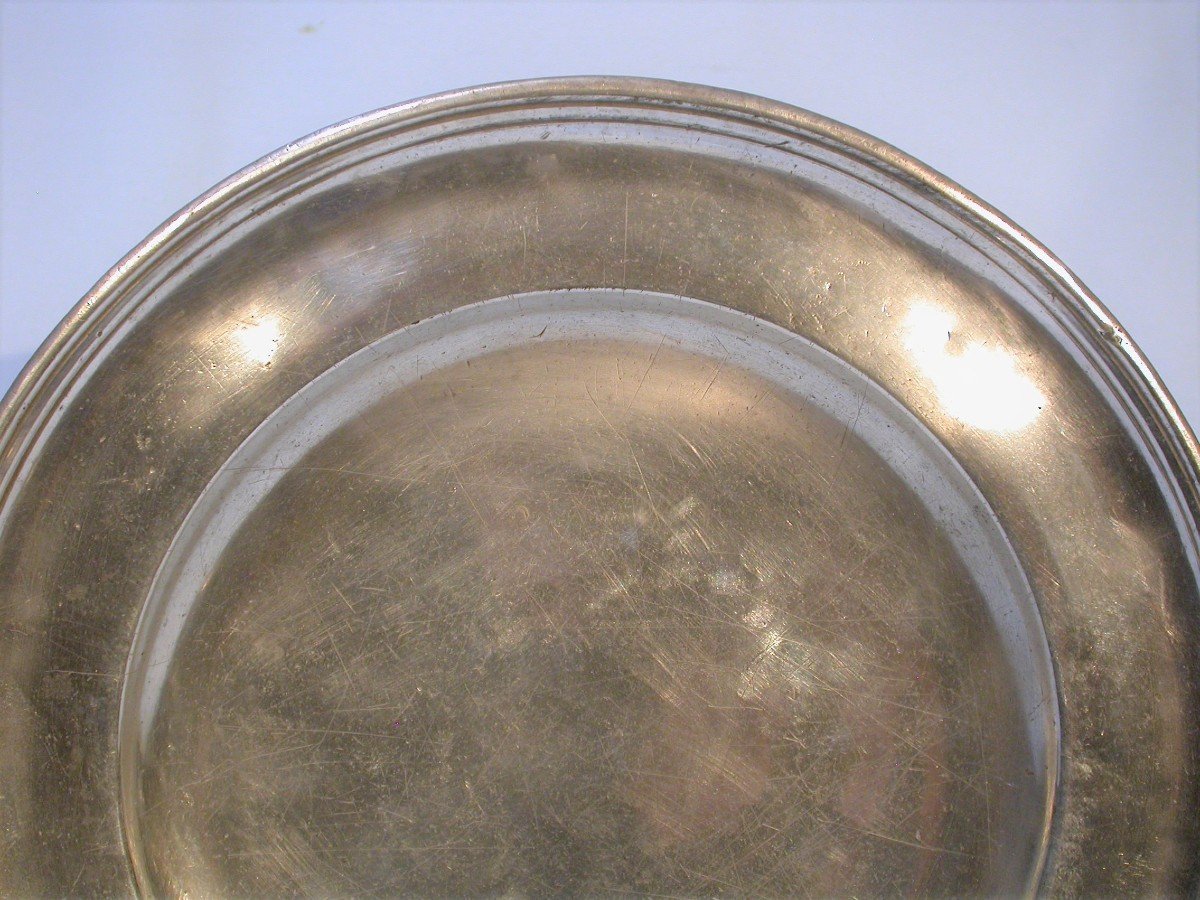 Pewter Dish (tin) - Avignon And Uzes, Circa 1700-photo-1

- - -

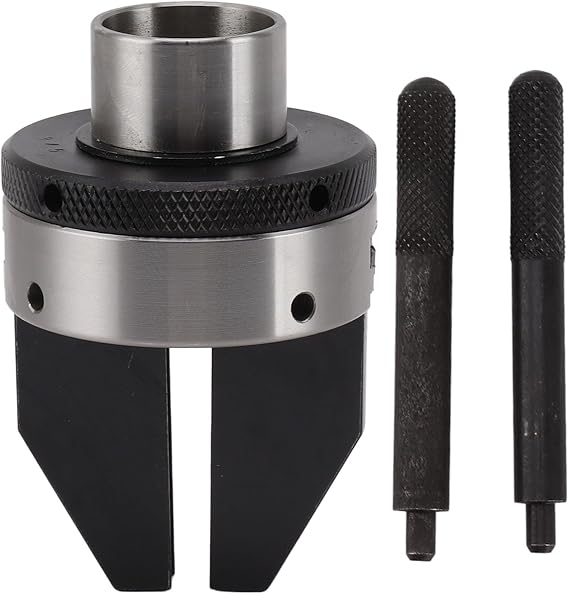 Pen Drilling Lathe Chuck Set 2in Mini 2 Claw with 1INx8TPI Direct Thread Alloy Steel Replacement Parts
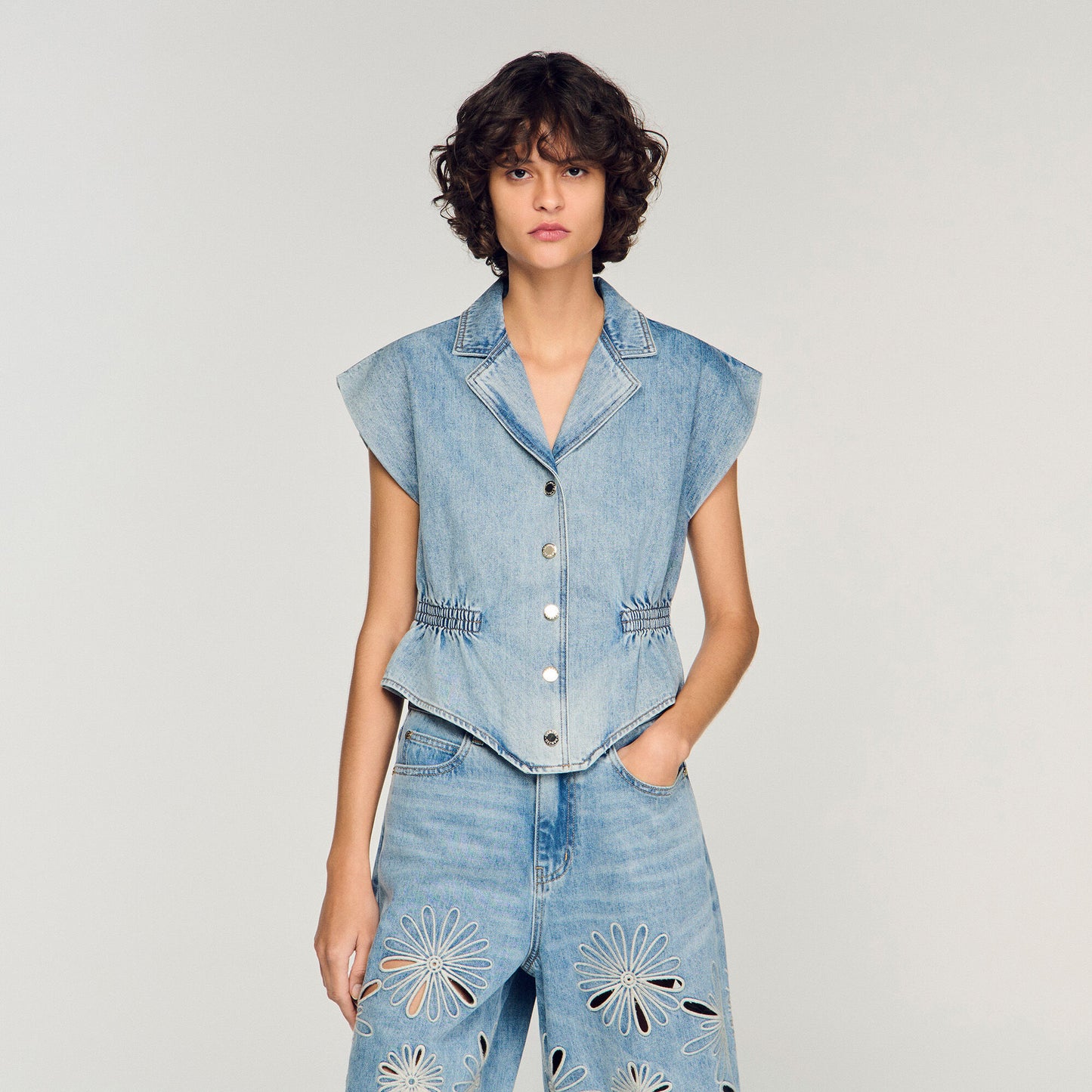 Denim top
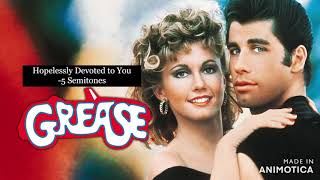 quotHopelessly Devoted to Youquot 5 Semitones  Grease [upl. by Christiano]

- - -

* _Work required_
Using the listing above, repeat word for word each line from the one with "Pen Drilling Lathe" down to the one with "quotHopelessly Devoted to", both included. Omit all pictures.

* _Output for this task_
 Pen Drilling Lathe Chuck Set 2in Mini 2 Claw with 1INx8TPI Direct Thread Alloy Steel Replacement Parts
 Denim top
 quotHopelessly Devoted to Youquot 5 Semitones  Grease [upl. by Christiano]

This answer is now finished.